Confusing Kwanzaa and Hanukkah

In his annual war on the "war on Christmas," Fox News' Bill O'Reilly accurately noted Macy's department store promotes Santa Claus as emblematic of the holiday. Then, however, he wrote

What holiday is Santa celebrating? Winter solstice, the birthday of a reindeer -- what? On the national front, there are three primary culprits seeking to diminish Christmas, the American Civil Liberties Union, the Freedom from Religion Foundation and the American Humanist Association.
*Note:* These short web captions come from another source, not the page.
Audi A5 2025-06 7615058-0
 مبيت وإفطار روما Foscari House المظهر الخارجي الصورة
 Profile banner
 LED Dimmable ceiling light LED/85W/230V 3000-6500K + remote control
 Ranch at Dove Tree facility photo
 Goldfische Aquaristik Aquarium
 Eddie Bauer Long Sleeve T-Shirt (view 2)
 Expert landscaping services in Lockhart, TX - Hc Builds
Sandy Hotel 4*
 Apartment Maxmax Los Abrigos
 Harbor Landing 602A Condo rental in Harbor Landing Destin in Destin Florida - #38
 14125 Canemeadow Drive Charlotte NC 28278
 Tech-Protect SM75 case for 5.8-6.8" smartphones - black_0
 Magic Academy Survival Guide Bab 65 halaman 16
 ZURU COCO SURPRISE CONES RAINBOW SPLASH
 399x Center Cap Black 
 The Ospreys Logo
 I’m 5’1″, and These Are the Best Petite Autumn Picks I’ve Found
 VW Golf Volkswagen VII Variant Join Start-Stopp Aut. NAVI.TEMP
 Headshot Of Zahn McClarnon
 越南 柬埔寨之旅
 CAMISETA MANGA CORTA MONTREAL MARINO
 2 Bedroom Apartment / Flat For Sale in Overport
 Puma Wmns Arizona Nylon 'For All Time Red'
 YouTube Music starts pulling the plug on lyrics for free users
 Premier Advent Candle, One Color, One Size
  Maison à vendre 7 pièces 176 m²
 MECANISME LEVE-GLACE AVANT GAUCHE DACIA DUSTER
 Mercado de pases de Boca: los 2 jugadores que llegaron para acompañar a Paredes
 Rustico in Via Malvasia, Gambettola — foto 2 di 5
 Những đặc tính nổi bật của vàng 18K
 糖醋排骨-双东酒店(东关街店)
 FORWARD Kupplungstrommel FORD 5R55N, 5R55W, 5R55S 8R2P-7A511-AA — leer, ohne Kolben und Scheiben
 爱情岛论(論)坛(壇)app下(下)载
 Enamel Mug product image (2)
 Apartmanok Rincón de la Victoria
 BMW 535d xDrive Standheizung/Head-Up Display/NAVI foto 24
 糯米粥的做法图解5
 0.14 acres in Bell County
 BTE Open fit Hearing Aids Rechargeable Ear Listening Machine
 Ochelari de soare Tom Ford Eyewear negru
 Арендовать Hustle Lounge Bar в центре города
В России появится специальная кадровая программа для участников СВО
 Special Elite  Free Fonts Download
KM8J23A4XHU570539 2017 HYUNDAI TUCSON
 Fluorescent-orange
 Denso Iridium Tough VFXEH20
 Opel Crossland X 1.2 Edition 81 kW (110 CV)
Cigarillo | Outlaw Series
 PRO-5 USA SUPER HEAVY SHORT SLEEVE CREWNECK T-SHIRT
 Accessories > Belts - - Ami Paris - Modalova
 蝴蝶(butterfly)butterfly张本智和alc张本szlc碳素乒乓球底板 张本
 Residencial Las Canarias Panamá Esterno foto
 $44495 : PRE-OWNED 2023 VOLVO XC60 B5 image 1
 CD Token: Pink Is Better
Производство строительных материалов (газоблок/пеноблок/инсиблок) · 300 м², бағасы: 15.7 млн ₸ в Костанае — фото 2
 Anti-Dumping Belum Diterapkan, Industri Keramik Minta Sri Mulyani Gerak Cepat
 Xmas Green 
The most aggressive is the Freedom from Religion Foundation, which routinely threatens to sue small towns and school districts if they dare utter the word "Christmas" or allow choirs to sing carols in public schools.

O'Reilly leads the cable network's war on the War on Christmas while some of his colleagues exploit Christianity to cloak an anti-Obama, anti-liberal bias without rational basis, reflecting the perspective of founder and chairman Roger Ailes.

In his highly critical "The Loudest Voice in the Room," Gabriel Sherman describes one of the earliest exchanges between Ailes and fellow Putnam County and Garrison, NY resident Gordon Stewart, revelatory of the (sarcasm alert) tolerance of the the most powerful person in television news:

In 2005, after living many years on the Upper West Side of Manhattan, Stewart and his wife bought a place in Garrison. They looked forward to watching their young adopted daughter run in the backyard and swim in their pool. Stewart often dropped by Pete’s Hometown Grocery on Main Street to pick up a copy of the PCN&R. Reading the articles each week, he did not at first see glaring signs of right-wing agitprop. He especially liked the paper’s tough coverage of a contract dispute at the local school board. Shortly after Stewart gave a quote to the PCN&R criticizing the Garrison school, he bumped into Ailes in Manhattan at lunchtime at Michael’s, a restaurant frequented by media executives. “We gotta get together on this, that school sucks!” Ailes said to him.

“What’s your problem with it?” Stewart said.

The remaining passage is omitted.